I have a question about an identification used in Morishita's "Knots and Primes" (page 25):
Let $A$ be an integral domain. We consider a finite Galois algebra $B$ over $A$ (the latter means that $K=Frac(B)$ is Galois over $F=Frac(A)$.
The author defines $Gal(B/A):= Aut(B/A)$.
Now the question(*): Why is $Aut(B/A)= Aut(K/F)$?
(the latter equals $Gal(K/F)$ by definition)
The problem is the following: I know that by universal property of fraction constructions every $A$-automorphism $\phi:B \to B$ can be uniquely extended to $\bar{\phi}: K \to K$.
Therefore we obtain the inclusion $Aut(B/A) \subset Aut(K/F)$.
But is every automorphism from $Aut(K/F)= Gal(K/F)$ already determined by an automorphism from $Aut(B/A)$?
The main problem is that generally an automorphism from $Gal(K/F)$ don't need to preserve the ring $B$, right? (see this former thread:Do automorphisms of quotient fields preserve the underlying ring?)
The only restriction is that it preserves $F=Frac(A)$. Does it suffice in this special case to obtain the equality (*)?
For the definition of "galois algebra" given in the text, this equality of automorphism groups follows since $B$ is the integral closure of $A$ in $L$.

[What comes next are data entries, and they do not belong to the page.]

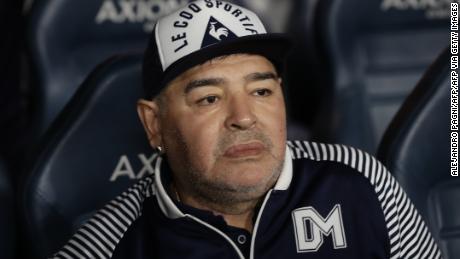 Maradona before the start of an Argentina First Division match between Boca Juniors and Gimnasia La Plata.
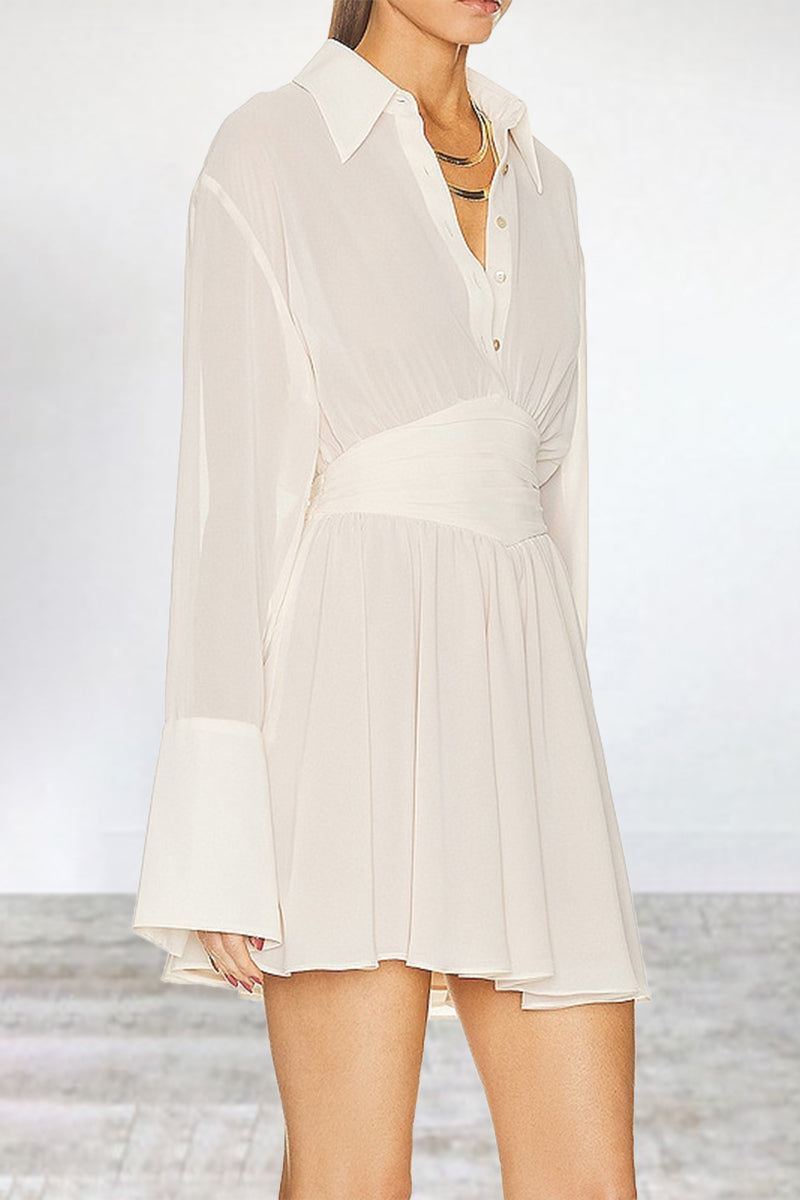 Casual Simplicity Solid Patchwork Turndown Collar Waist Skirt Dresses - Fashionpara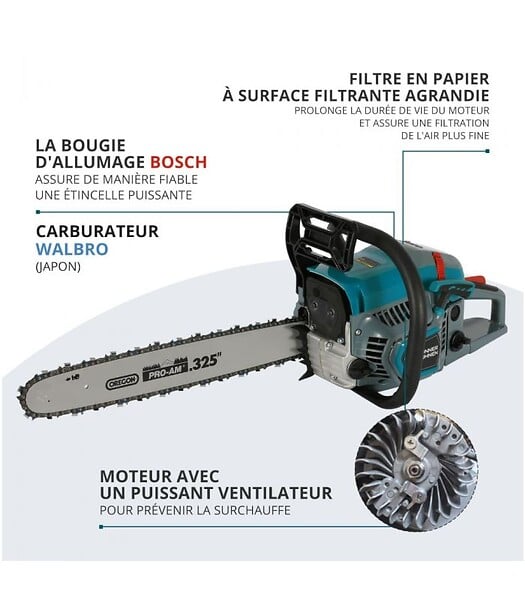 KONNER SOHNEN - Tronçonneuse thermique 50" moteur 54,5 cm³, guide et chaîne OREGON - Könner  Söhnen KS CS31G-20-1 - large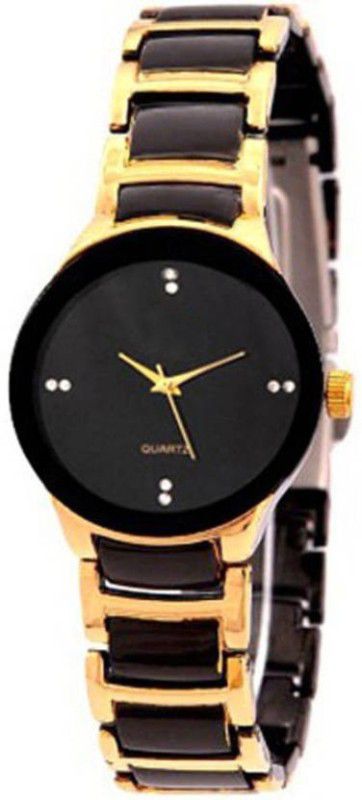 Collection Black Dial with Black & Golden Bracelet Strap Analog Watch - For Women fiz-22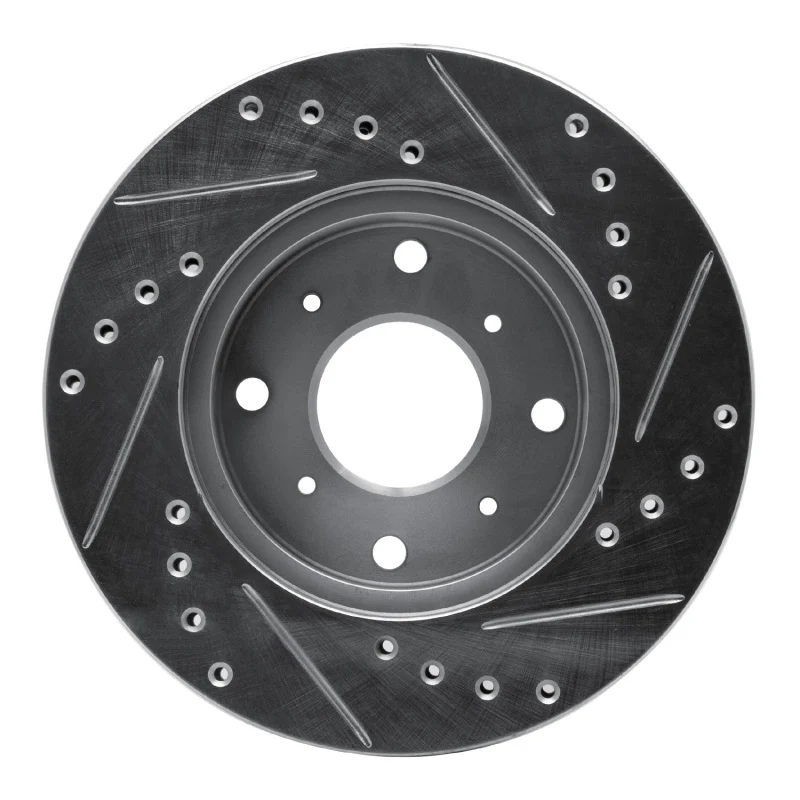 R1 86-87 Acura Legend Front Left Drilled & Slotted Silver Brake Rotor - Image 5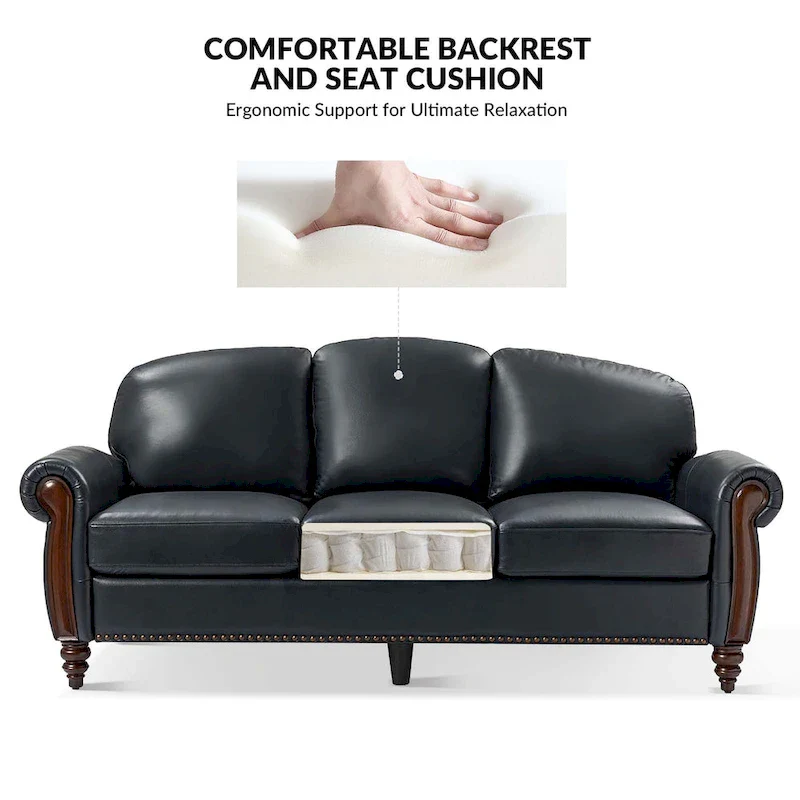 Eduard 84 Traditional Genuine Leather Sofa with Carved Wood Legs by HULALA HOME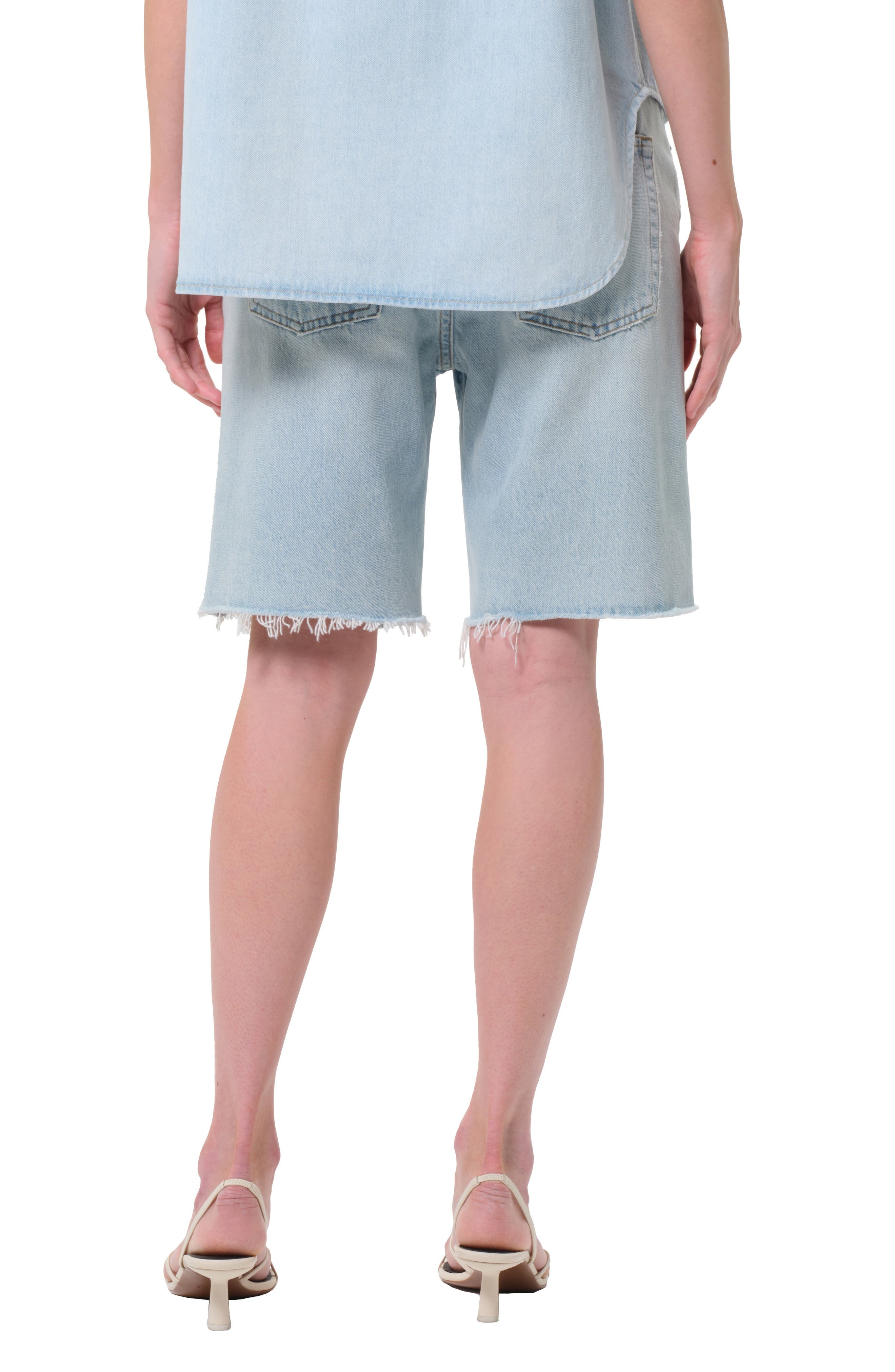 AGOLDE '90s Long Cutoff Denim Shorts in Fragment at Nordstrom - 2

Explicitly, we have $\sigma(B)=B$ for any $\sigma$ that preserves $A$, since applying $\sigma$ to a monic polynomial with $\alpha\in B$ as a root yields a monic polynomial with $\sigma(\alpha)$ as a root.
This is false in general however, if your definition of "galois algebra" is that $B/A$ is an extension of integral domains such that $Quot(B)=L$, $Quot(A)=K$, with $L/K$ galois. An example of this occurs in $\mathbb{Q}(i)/\mathbb{Q}$, take the subrings $\mathbb{Z}(i)_{(2+i)}/\mathbb{Z}_{(2)}$. Here the subscripts denote localisation at the prime ideals $(2+i)$ and $(2)$.
Complex conjugation does not preserve this subring, $2+i$ is not a unit in $\mathbb{Z}(i)_{(2+i)}$, since it generates a prime ideal, but $2-i$ is a unit, since it has inverse $\frac{1+i}{3+i}$ which has denominator not in $(2+i)$.